The building of this complex, including a massive casino, will bring many benefits to the area including a proposed 1,198 full time jobs followed by 388 casual direct jobs. Other than the casino, other attractions to be built include ski slopes, a 100-plus bed family hostel, a 110,000-sq ft indoor concert arena, a bowling alleys, a cinema, a children’s zone, a 40,000-sq ft surf and swim centre, bars, restaurants, and sports and leisure stores. According to estimates, this complex will attract up to 6 million visitors a year.
According to plans, this complex will be constructed through a series of stages. The international casino and additional hotel accommodations will be the last things to be built in the complex. This is partially due to the current Irish gambling laws.

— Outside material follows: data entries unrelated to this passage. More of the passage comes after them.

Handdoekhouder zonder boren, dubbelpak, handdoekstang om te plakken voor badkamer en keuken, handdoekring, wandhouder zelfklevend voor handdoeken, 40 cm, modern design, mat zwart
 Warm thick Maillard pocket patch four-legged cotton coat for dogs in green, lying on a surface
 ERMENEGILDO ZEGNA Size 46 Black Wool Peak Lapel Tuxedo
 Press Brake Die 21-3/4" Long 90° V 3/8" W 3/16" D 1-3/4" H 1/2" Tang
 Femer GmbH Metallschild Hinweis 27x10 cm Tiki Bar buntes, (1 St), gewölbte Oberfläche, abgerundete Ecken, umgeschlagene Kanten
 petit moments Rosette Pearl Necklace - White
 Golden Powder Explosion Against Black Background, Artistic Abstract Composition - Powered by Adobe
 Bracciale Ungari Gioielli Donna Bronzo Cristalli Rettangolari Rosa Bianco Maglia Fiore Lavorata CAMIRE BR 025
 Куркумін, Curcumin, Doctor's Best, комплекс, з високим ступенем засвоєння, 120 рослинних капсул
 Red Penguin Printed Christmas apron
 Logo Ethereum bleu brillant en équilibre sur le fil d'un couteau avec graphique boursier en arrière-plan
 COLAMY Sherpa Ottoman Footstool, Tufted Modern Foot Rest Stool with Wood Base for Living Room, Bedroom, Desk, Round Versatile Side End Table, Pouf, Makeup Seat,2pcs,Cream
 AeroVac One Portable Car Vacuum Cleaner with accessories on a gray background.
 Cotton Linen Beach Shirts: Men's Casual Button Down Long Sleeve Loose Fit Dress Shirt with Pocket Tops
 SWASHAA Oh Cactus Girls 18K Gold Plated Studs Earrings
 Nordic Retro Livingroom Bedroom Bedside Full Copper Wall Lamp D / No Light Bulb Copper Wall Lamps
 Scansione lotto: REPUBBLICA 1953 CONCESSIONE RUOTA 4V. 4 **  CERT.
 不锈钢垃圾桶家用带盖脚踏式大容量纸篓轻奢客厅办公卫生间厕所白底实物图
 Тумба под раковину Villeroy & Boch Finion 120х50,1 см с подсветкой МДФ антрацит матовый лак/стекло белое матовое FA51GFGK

According to Irish law, casino gambling is illegal. By the luck of the Irish, a loophole was found in the law which allows private, members-only “gaming clubs.” These gaming clubs have basically taken the place of casinos in Ireland. The plan to build the casino in Dundalk is based on the assumption that the legislation regarding casino gambling is changed in the near future.
Though casinos are outlawed in Ireland, the country is pretty lax when it comes to gambling in general. According to estimates, the Irish spent over €3.6 billion on gambling in 2006. Internet gambling in Ireland is very popular.
Online gambling sites in Ireland are able to pull in a decent amount of revenue due to the fact that people like the game selections available in casinos, be it on or offline. The building of this new complex and the successful construction of a casino, in conjunction with the right legislation, could bring a lot of capital to Ireland. It may take the business away from online casinos, but the amount of revenue being collected by the state would likely remain stable.